A ****ing idiot that's who. I know exactly where you are coming from. The pathetic work I see. When Jmans are running pipe on drywall not hitting studs or using anchors and their pipe falls off and they blame the apprentice, gtfo


----------



## Troyboy (Jan 21, 2014)

LJSMITH1 said:


> You didn't read my post close enough...
> 
> For someone just out of a TOOLMAKING TRADE SCHOOL (i.e. "to start")..$20/hr Plus benefits is absolutely fair compensation. However, if you are experienced (i.e. 5-10+ years in the trade), the pay is more like $25-$35/Hr and up. We have skill, and we pay fairly for it. And...no, they are not 'immigrants' either...
> 
> ...


I agree a lot of people don't look at vacation time, overtime, if benefits are paid for or you pay. I have a friend whose company pays her ei, cpp, and wcb premiums so she doesn't get it deducted from her wage, like almost all do. There are a lot of things to look at.


----------



## mr hands (Sep 15, 2013)

Let me lay it out for you two noobs.

Relatives and **** holsters who don't do sh1t for the company are protected by someone close to the top who is very valuable to the company's business. This single person umbrella also has relatives and butt buddies slaving away at the company who are entirely worth their dollar. At the end of the day, the big man at the top knows who is loyal to him through thick and thin. His butt buddy spies know who is loyal to the boss as well, through their feelers. 

Don't get married into the machine, but use it to your advantage. Move up, and protect your worthless relatives too. Who do you think drives the truck between the warehouse and the job? It should be YOUR nephew. That's who, if he's a go getter, he will be a success, if he's a zero, then you have done your job as a hero for your family.
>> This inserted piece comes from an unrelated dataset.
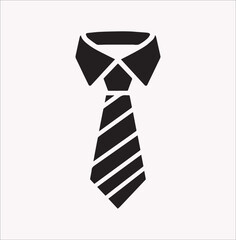 trendy Tie Icon vector silhouette on a white background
Quit judging, the world isn't eff'ed up, it works just fine. Get in line with it.


----------



## Troyboy (Jan 21, 2014)

mr hands said:


> Let me lay it out for you two noobs.
> 
> Relatives and **** holsters who don't do sh1t for the company are protected by someone close to the top who is very valuable to the company's business. This single person umbrella also has relatives and butt buddies slaving away at the company who are entirely worth their dollar. At the end of the day, the big man at the top knows who is loyal to him through thick and thin. His butt buddy spies know who is loyal to the boss as well, through their feelers.
> 
> ...


Ok, you told me what I already knew. If ya feel like taking the free ride with some relative and think that's fine, go ahead. Be happy that you are useless.


----------



## cultch (Aug 2, 2011)

mr hands said:


> Let me lay it out for you two noobs.
> 
> Relatives and **** holsters who don't do sh1t for the company are protected by someone close to the top who is very valuable to the company's business. This single person umbrella also has relatives and butt buddies slaving away at the company who are entirely worth their dollar. At the end of the day, the big man at the top knows who is loyal to him through thick and thin. His butt buddy spies know who is loyal to the boss as well, through their feelers.
> 
> ...


Not a noob. I was lighting foreman there 13 yrs expierence. Your right tho. I had enough. Gettin out of the trade. The brother was like the 1st employee of that company. Your right about taking care of family too. I agree but my fam moved all across the eastern seaboard. Too many idiots. Material laying all over the place and they got these expensive clam shells right there...**** just everywhere but I'm a dumbass for straighting it all out so folks can actually get some work done.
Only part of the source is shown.